*** Opening of Provided records ***

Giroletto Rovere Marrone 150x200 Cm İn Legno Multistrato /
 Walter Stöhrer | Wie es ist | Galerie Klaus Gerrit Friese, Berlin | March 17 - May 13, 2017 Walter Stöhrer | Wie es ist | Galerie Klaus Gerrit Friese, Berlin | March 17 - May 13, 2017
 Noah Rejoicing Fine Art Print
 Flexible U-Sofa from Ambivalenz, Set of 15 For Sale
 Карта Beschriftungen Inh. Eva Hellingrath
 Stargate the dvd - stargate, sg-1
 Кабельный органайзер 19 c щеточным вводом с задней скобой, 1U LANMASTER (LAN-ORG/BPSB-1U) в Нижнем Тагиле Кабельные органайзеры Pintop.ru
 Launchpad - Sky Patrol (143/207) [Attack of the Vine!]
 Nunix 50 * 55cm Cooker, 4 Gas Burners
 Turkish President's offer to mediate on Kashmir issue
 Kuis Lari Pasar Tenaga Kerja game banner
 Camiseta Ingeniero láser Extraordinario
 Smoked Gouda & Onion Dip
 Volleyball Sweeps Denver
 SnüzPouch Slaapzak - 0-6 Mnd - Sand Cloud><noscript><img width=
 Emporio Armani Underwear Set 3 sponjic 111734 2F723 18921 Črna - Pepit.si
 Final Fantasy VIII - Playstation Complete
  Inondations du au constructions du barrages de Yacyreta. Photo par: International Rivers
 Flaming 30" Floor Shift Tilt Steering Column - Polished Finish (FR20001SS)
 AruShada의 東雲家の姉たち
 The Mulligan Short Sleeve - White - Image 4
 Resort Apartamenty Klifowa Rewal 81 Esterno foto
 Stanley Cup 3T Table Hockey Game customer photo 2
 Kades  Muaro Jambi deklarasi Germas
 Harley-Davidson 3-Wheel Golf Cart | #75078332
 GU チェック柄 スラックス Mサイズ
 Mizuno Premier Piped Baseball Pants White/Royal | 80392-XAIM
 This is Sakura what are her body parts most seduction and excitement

*** Close of Provided records ***

* What you are asked to do
Wherever the string "White" appears in the entries, copy that line.

* Written answer
 The Mulligan Short Sleeve - White - Image 4
 Mizuno Premier Piped Baseball Pants White/Royal | 80392-XAIM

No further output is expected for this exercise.